Claudia Monti regrette que des situations particulières aient été oubliées pendant cette pandémie et regrette encore davantage l’inflexibilité du gouvernement.  (Photo : Julien Garroy)

Le médiateur a été submergé d’appels pendant cette pandémie, répondant à des SOS, essayant d’aider du mieux qu’elle pouvait. Mais le gouvernement est resté de marbre.

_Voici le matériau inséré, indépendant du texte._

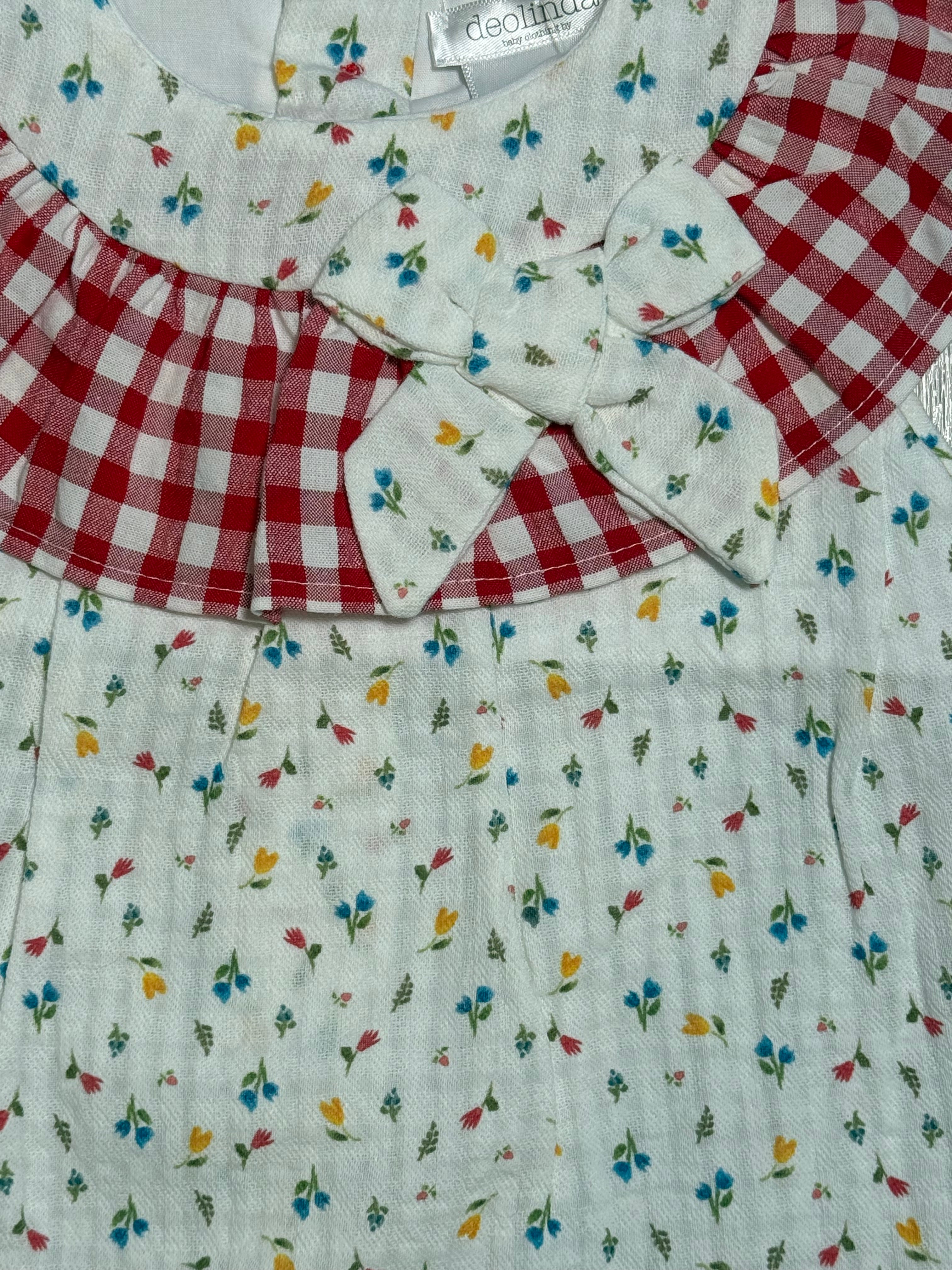 Deolinda Baby Girls Floral and Gingham Dress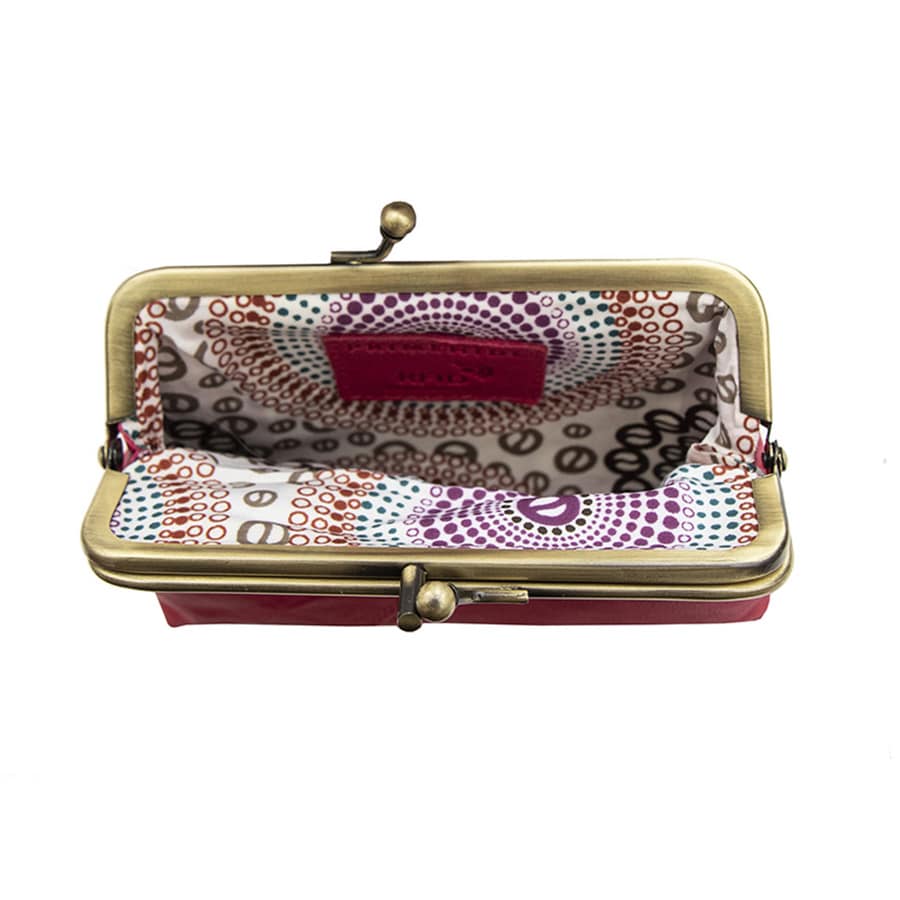 6500-r-w4.jpg Rhubarb Clip Top Leather Purse open view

Le médiateur, Claudia Monti, s’attendait à être davantage sollicitée au cours de cette pandémie. Comprendre être saisie de réclamations en bonne et due forme. En présentant le rapport 2020 lundi aux députés, elle a avoué sa surprise alors que dans le même temps, le médiateur a servi de dernier rempart à des cas difficiles voire désespérés.

Il faut toujours introduire une réclamation dans les règles de l’art afin que le médiateur puisse ouvrir un dossier. «Je crois que les gens étaient grandement lassés des documents administratifs et des dossiers à remplir et ils ont baissé les bras. Il y avait beaucoup de fatigue à ce moment-là», soupçonne Claudia Monti.

Néanmoins, elle a été saisie d’une dizaine de cas «qui ne rentraient pas dans les cases», comme elle l’exprime. Il s’agissait de microentreprises qui n’atteignaient pas les 15 000 euros de gains annuels ou de sociétés en voie de création juste avant le début de la crise. Des situations qui ne donnaient pas droit aux aides de l’État. «Il y a ceux à qui l’État a prétendu qu’ils pouvaient continuer leurs activités alors que, dans les trois premiers mois du confinement, tout le monde devait rester à la maison et toute activité non essentielle était interdite.»

Elle cite le cas de deux photographes dont l’essentiel des revenus dépend de l’événementiel ou encore celui d’un marchand de vin qui vit en sillonnant les foires. Autant de situations pour lesquelles rien n’était prévu. Claudia Monti reconnaît volontiers que le gouvernement a dû agir vite pour venir en aide aux salariés et aux entreprises et que le Conseil d’État n’avait pas le temps d’analyser les textes en toute sérénité. Reste que des gens ont été oubliés.

«Nous avions espéré que ces oublis que nous leur avions signalés seraient réparés, mais les ministères sont restés inflexibles», déclare Claudia Monti. Elle cite l’exemple de la France et de la Belgique qui analysent davantage au cas par cas alors qu’au Luxembourg, s’il n’y a aucune case prévue à une situation particulière, c’est cuit.

Parfois ça marche. Le médiateur cite le cas d’un coach sportif à qui l’État a finalement reconnu l’impossibilité d’exercer son activité pendant le confinement. «J’insiste sur ces formulaires à remplir via internet et qui bloquent systématiquement si vous ne rentrez pas dans les cases et que rien n’est prévu pour donner des explications supplémentaires», regrette le médiateur.

914 réclamations

Si les réclamations directement liées aux conséquences de la pandémie n’étaient pas si nombreuses, le service de la médiation a été submergé d’appels «pour tout et n’importe quoi», parce que les gens désespéraient de pouvoir joindre une administration. «Les gens pensaient que nous avions réponse à tout ou que nous avions un numéro de téléphone secret qui leur permettrait de joindre quelqu’un», illustre le médiateur. Et ajoute : «On a eu aussi des délateurs, pas mal. Bref on était SOS détresse, la police, un peu de tout.»

C’est encore vers le médiateur que les gens se tournaient pour lui dire que les lois étaient liberticides et qu’ils ne comptaient pas les respecter ou bien, plus dramatique, c’est lui que des désespérés prêts à se suicider appelaient.

Rien n’a changé aujourd’hui. Le service est débordé, parce que, en attendant, les réclamations continuent d’affluer qui concernent toutes les administrations du pays, communales et étatiques. Exactement 914 pour 2020, traitées en plus de l’écoute que la médiation a assurée.

Si la médiation a fait preuve de souplesse, ce n’est pas le cas du gouvernement, qui n’a guère été sensible aux situations hors des clous. «Le ministère de l’Économie et le ministère du Travail, pour les problèmes de chômage partiel, se sont montrés particulièrement rigides», souligne Claudia Monti.